NASA is looking for a revised plan to return samples from the surface of Mars to Earth, as the design of the current mission cannot return samples to Earth before 2040. 

NASA’s Perseverance rover, which has been operating on Mars since 2021, is collecting Mars samples.

These samples will help scientists understand the geological history of Mars, the evolution of its climate, prepare for future human explorers, and search for signs of ancient life.

NASA’s Perseverance rover took a selfie with sample tubes through its WATSON camera on January 22, 2023
NASA’s Perseverance rover took a selfie with sample tubes through its WATSON camera on January 22, 2023. (Image credit: NASA/JPL-Caltech/MSSS)

Later, these samples will be collected and returned to Earth through the Mars Sample Return mission.  

NASA Administrator Bill Nelson said via a press briefing held on Monday, April 15, about the mission update:

“Mars Sample Return will be one of the most complex missions NASA has ever undertaken. The bottom line is, an $11 billion budget is too expensive, and a 2040 return date is too far away.”

Bill Nelson also added:

“Safely landing and collecting the samples, launching a rocket with the samples off another planet — which has never been done before — and safely transporting the samples more than 33 million miles back to Earth is no small task. We need to look outside the box to find a way ahead that is both affordable and returns samples in a reasonable timeframe.”

To achieve the ambitious goal of the Mars Sample Return mission, NASA is seeking innovative designs that could bring valuable samples from Mars to Earth earlier and at a lower cost.

Not only that, NASA will soon take proposals from industry that could return samples in the 2030s and lower costs, risks, and mission complexity. 

Current plan of the Mars Sample Return mission

An artist's illustration of the vehicles that would participate in the Mars Sample Return mission
An artist’s illustration of the vehicles that would participate in the Mars Sample Return mission. (Image credit: NASA/JPL-Caltech)

NASA is working with ESA (the European Space Agency) to bring the Mars samples back to Earth.
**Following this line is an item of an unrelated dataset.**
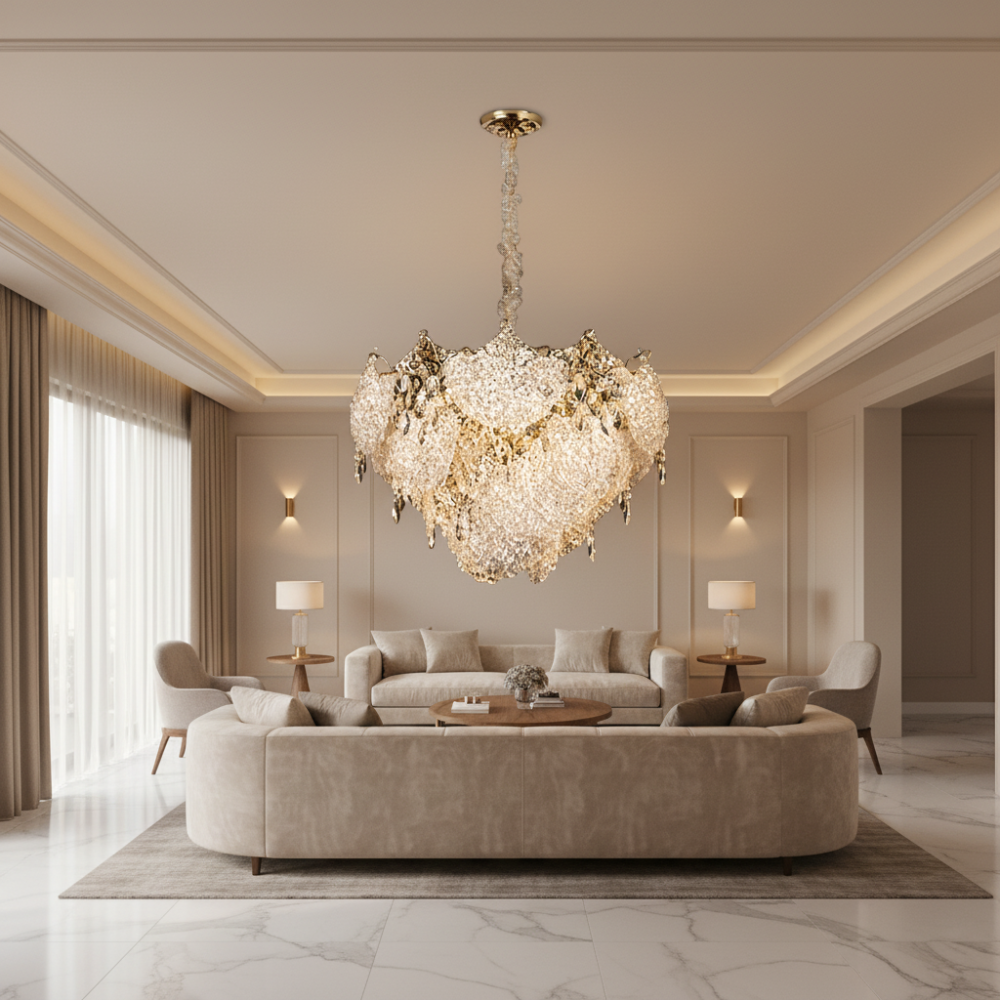 Candelabru Cristal LUXE Magno, 21xE14, Diametru 60cm, Inaltime 40cm, Auriu Lucios, Inaltime Reglabila, Design Elegant [2]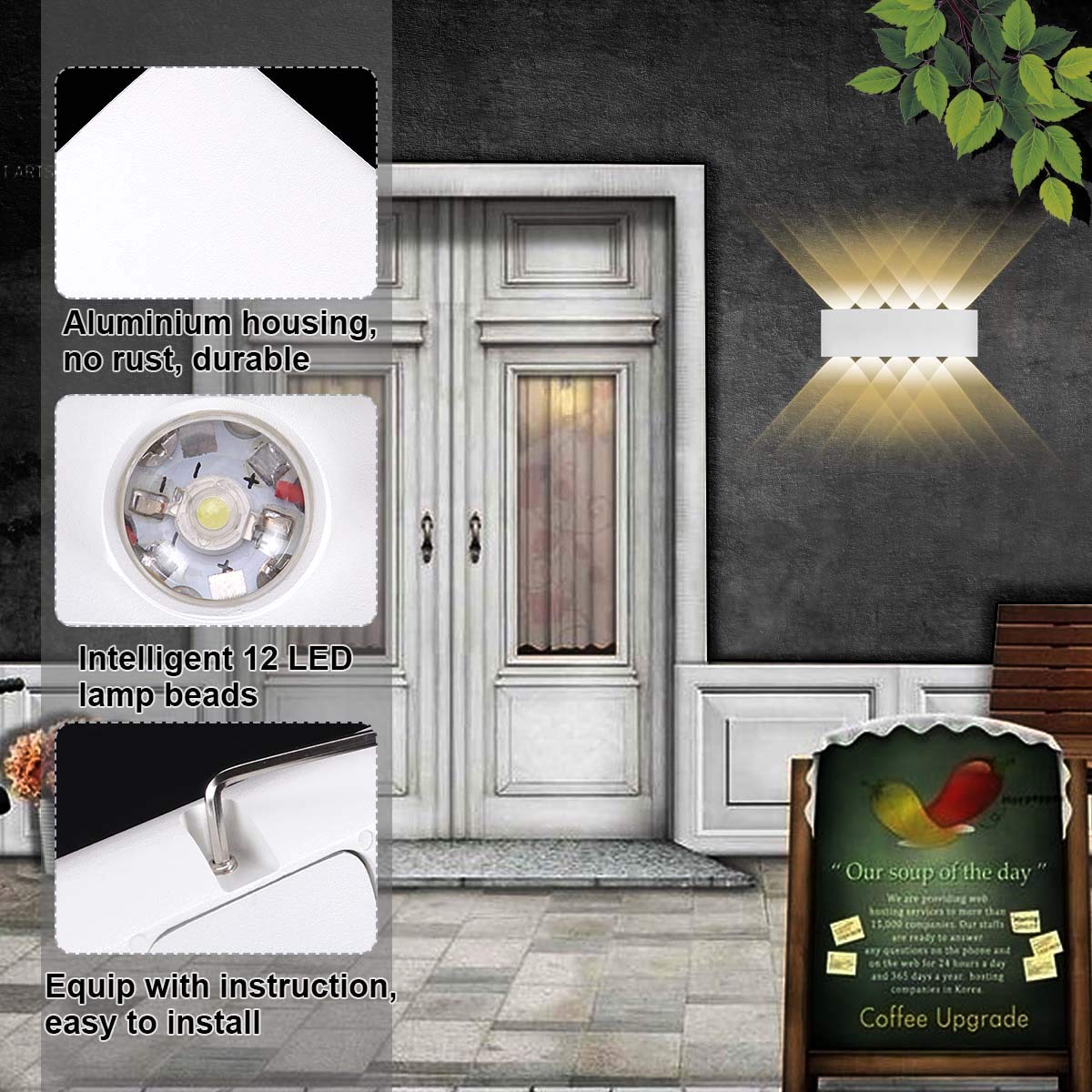 Kawell LED Wall Sconce Light, 10W Waterproof Aluminum, Matte White, Model 33-AU578-WT-WW, Indoor/Outdoor for Bedroom, Living Room, Bathroom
Several launches will be necessary to accomplish this complex mission, including landing, collecting, storing samples, and delivering them to Earth.

First, a Sample Retrieval Lander will be launched to Mars in 2028. It will land near the Perseverance rover’s landing site in Jezero Crater in 2030.

Second, the lander will carry a rocket called the Mars Ascent Vehicle (MAV) and a pair of helicopters (similar to the Mars Ingenuity helicopter).

Third, after landing, the lander will collect sample tubes through its robotic arm (provided by ESA) from the Perseverance rover and transfer the tubes into a sample container on the lander’s rocket called the Mars Ascent Vehicle (MAV).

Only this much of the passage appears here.